Findings from the literature review
Many research reports suggest that the development of course goals and objectives and the selection of content for an online course do not differ greatly from the process for face-to-face courses. However, the development of online courses needs to focus on interactivity more so than content in order to replace discussions taking place in face-to-face learning environment. In this sense, the authors deduce that online course development should be conceptualized as a process of transformation rather than simply translation of lecture content to another medium
As a relatively new course development model, a team approach in course development poses several challenges to both faculty and instructional technologists, e. g. the different knowledge domains among the team members, increased workload, the difficulty in keeping a project on schedule, limited resources, and a traditional institutional reward system that undervalues online teaching.
The case study
The purpose of the case study was to gain an understanding of how online course development involving multiple faculty members actually works in practice. Using Berge’s (1995) study of the roles of online facilitators and Stark and Lattuca’s (1997) model of an academic plan, the roles that faculty assume during the planning and development process were analysed and the curricular decisions were examined. The course development team consisted of four faculty members, one project coordinator, and one web instructional designer. The course under study was an undergraduate humanities course to be delivered in a asynchronous environment at a large university system in a southern US state. Data were collected through observation of face-to-face planning meetings, document analysis of group postings at the online site, and interviews with the team members.
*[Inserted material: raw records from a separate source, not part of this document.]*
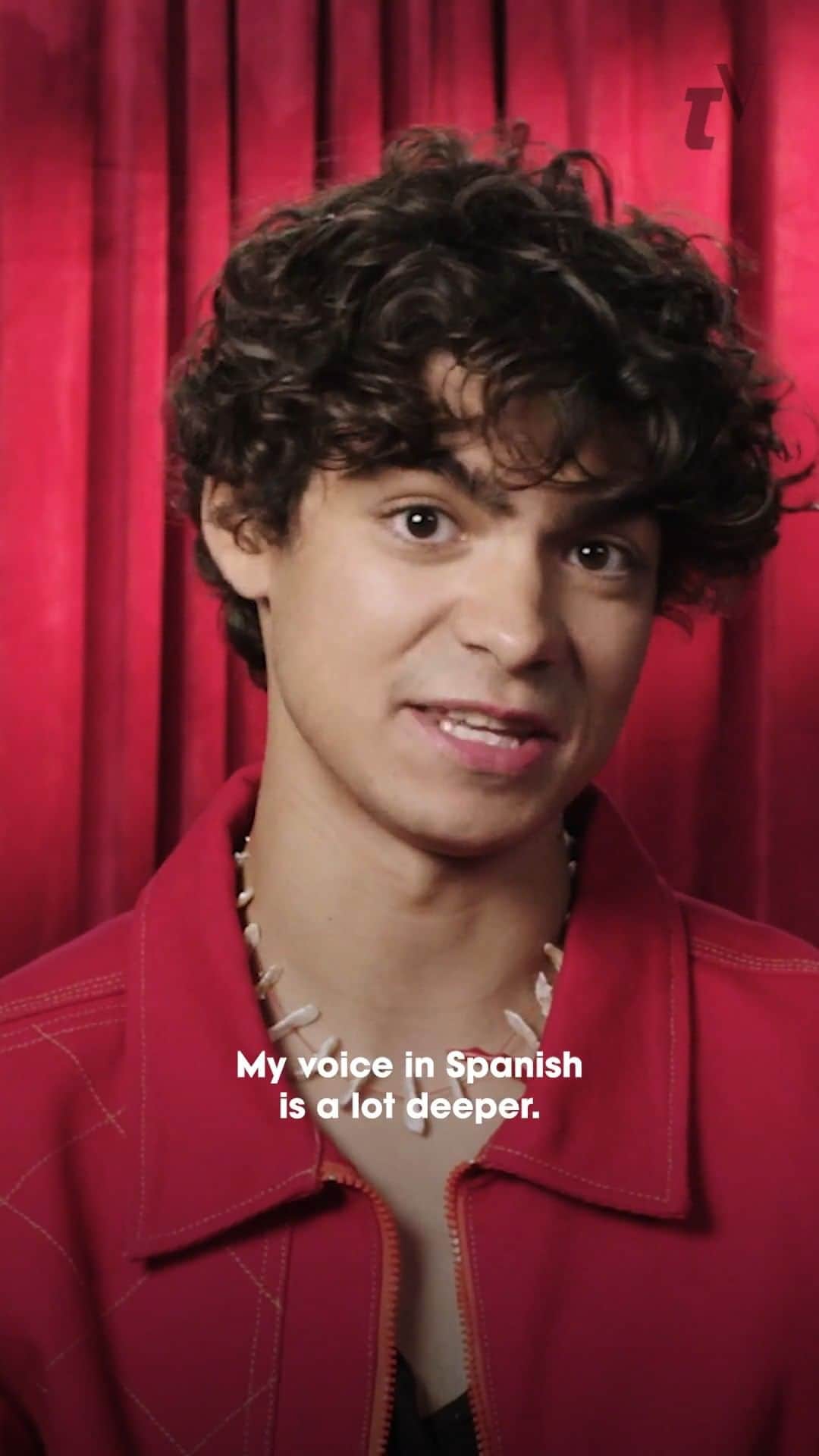 Teen Vogueのインスタグラム：「And he nailed it! Watch how #IñakiGodoy became Luffy in #OnePiece at the link in bio 🏴‍☠️  *SAG-AFTRA members are currently on strike; as part of the strike, union actors are not promoting their film and TV projects. This video was conducted prior to the strike.」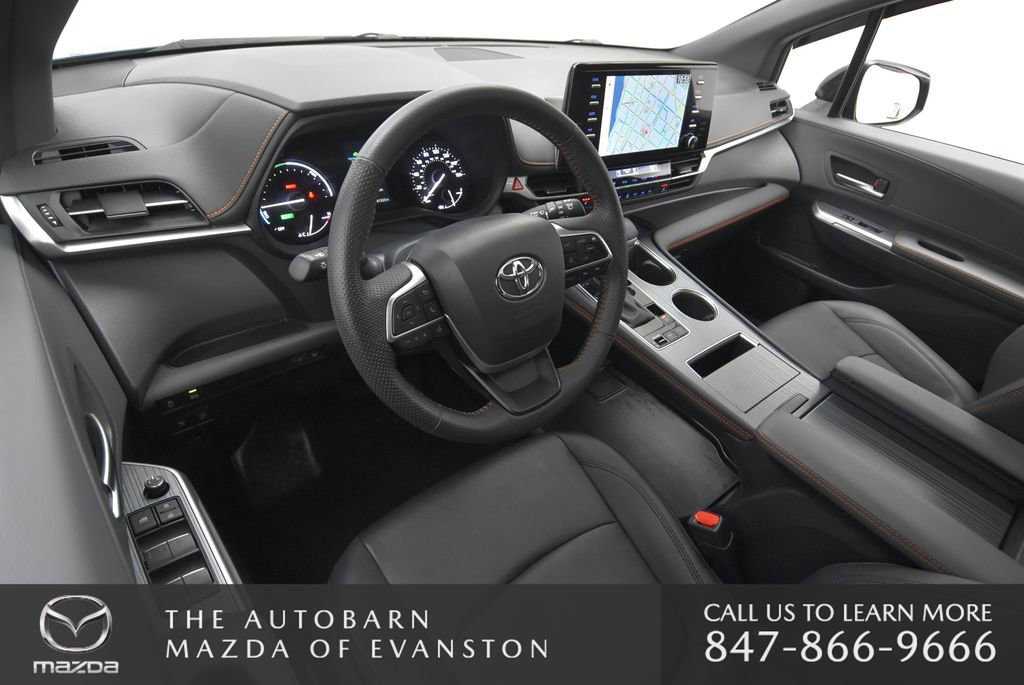 Used 2024 Toyota Sienna XSE AWD/4WD image 29
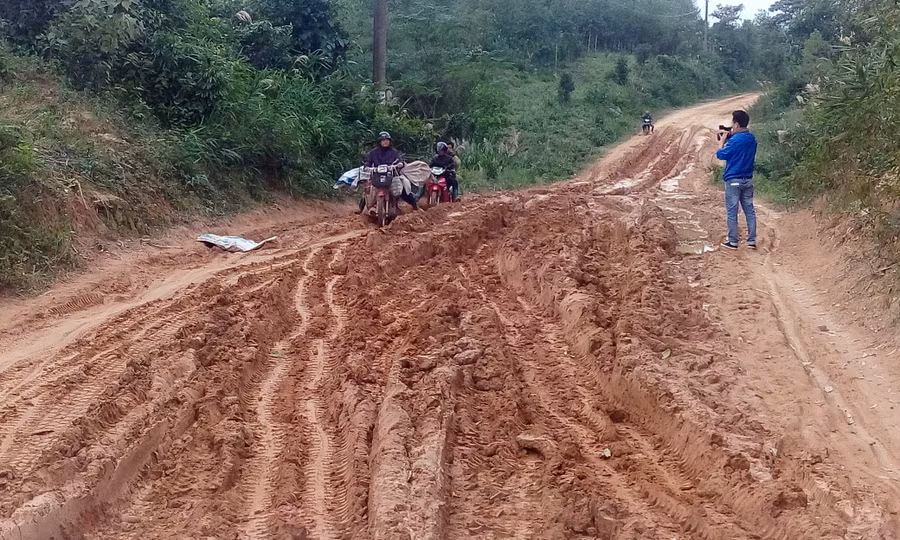 Đường vào khu di dân Làng thanh niên lập nghiệp Hướng Hiệp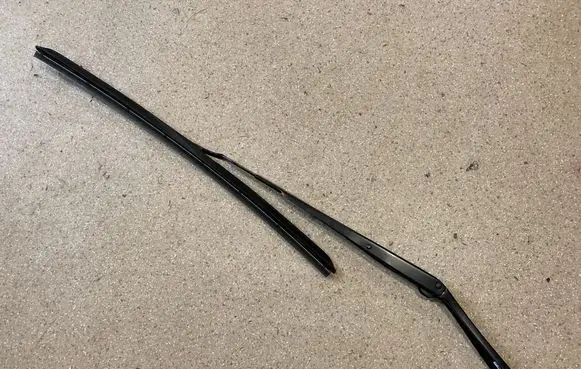 Hyundai Ioniq 5 Front wiper blade arm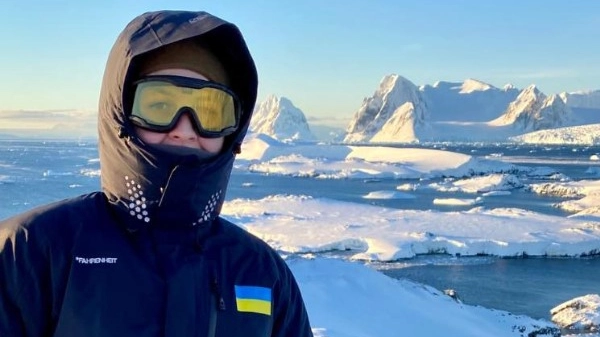 Yan Bakhmat, lo scienziato ucraino di 25 anni rimasto bloccato in Antartide perché la sua casa a Kharkiv è stata distrutta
The authors present the research findings in three categories:
- Roles assumed by the course development team members,
- curricular decisions during the collaborative planning and development process,
- the perception of the collaborative process.
Some interesting findings are:
- Content was the primary focus at the course development website, garnering far more postings by the team members than any other element of the academic plan.
- There was more collaboration in the first phase of course development than later on. Once the content was divided among faculty members, there was limited discussion and review of the content which was posted at the online site.
- Decisions related to evaluation were minimally discussed at the online site because of time constraints at the end of the course development process.
- There was a fierce debate over consistent structure, suggesting that it is still controversial to what extent the project coordinator should exert a curricular role and whether some curricular decisions were sacrificed to technology or vice versa.
- The roles of faculty and the project coordinator were interwoven and interdependent.
Based on their findings the authors map out several recommendations. For example they suggest that faculty members may benefit more by working with a peer in the same discipline who has expertise in developing online courses than from partnering with an instructional designer.
In spite of the limitations of this study that the authors mention at the end of the paper, this study offers many suggestions for teaching practice and links to further research.